Database Management,
GIS, and
Information Exchange
Presentation at Portland, Maine
May 27, 2003
Robert C. Groman

Database Management System
A suite of programs which typically manage
large structured sets of persistent data, offering ad hoc query facilities to many users.
It controls the organization, storage and retrieval of data (fields, records and files) in a database. It also controls the security and
integrity of the database.

One or more large structured sets of persistent data, usually associated with software to update and query the data. A simple database might be a single file containing many records, each of which contains the same set of fields where each field is a certain fixed width.

Geographic Information System
A computer system for capturing, storing,
checking, integrating, manipulating, analyzing and displaying data related to positions on the Earth's surface. Typically, a GIS is used for handling maps of one kind or another. These might be represented as several different layers where each
layer holds data about a particular kind of feature
(e.g. roads).

Data Dictionary
A data structure that stores meta-data, i.e. data
about data.

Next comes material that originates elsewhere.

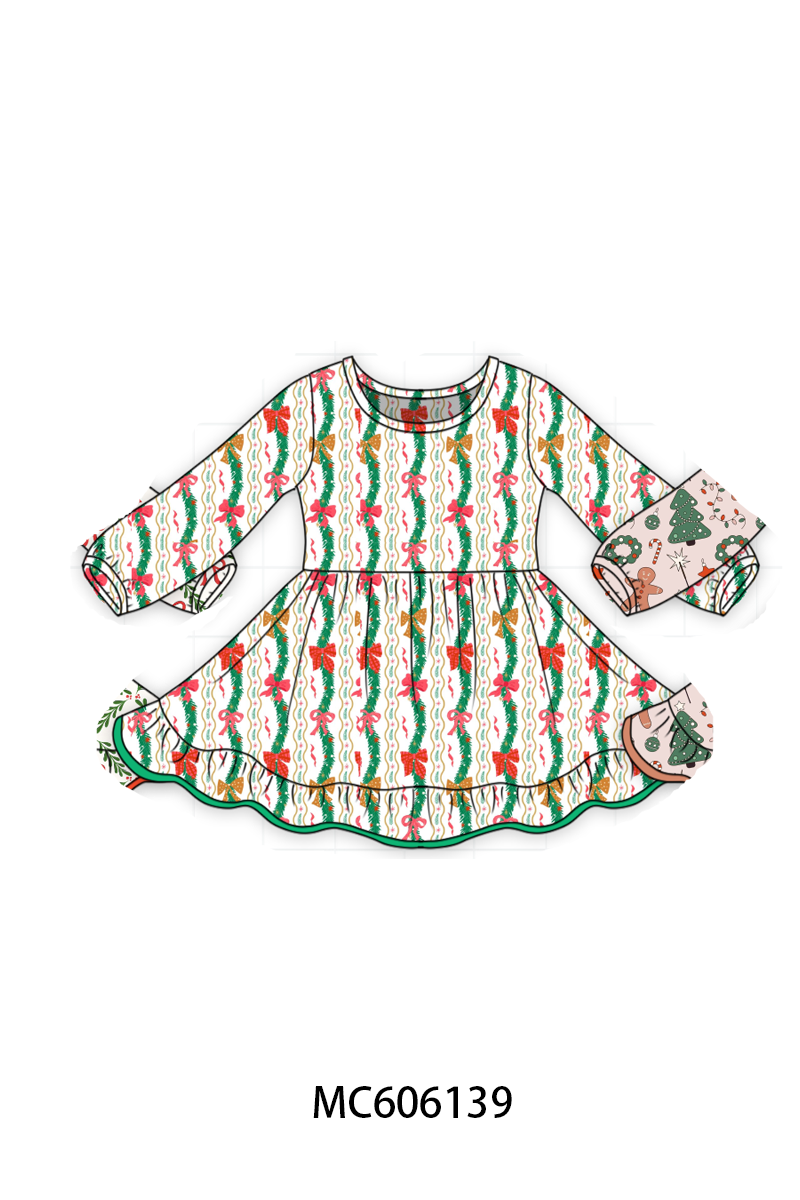 PO95 Christmas bow cookie grinch floral dress collection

The term "data dictionary" has several uses.

Most generally it is a set of data descriptions that
can be shared by several applications.

Usually it means a table in a database that stores the names, field types, length, and other characteristics of the fields in the database tables.

Data Model
A data model says what information is to be contained in a database, how the information will be used, and how the items in the database will be related to each other.  (To combine and synthesize disparate data)
Simple table(s), hierarchical, 3rd Normal Form. “One of the most widely used methods for developing data models is the entity-relationship model. The relational model is the most widely used type of data model. Another example is NIAM.”

Date Model (more)
Scientific Information Model for distributed data in relational databases and web links established at the NOAA Pacific Marine Environmental Lab (Wright et al., 1997)
See also Data Management for Marine Geology and Geophysics, Tools for Archiving, Analysis, and Visualization, 2001 and other of Wright’s references

Data about data.
For example, meta-data would document data about data elements or attributes, (name, size, data type, etc) and data about records or data structures (length, fields, columns, etc) and data about data (where it is located, how it is associated, ownership, etc.). Meta-data may include descriptive information about the context, quality and condition, or characteristics of the data.

Detailed Meta-data
Pros – required for full understanding of data within a DBMS.  Required if others want to use the data
Cons – pain in the neck to prepare, maintain, and enter

Database Scheme Appropriate?
Does it fit the current needs?  Access; ease of use; speed requirements; interface to applications; scalability;
Can it evolve?  Add new data; accommodate new requirements and applications
Cost; platform dependencies; care and feeding costs (people and $)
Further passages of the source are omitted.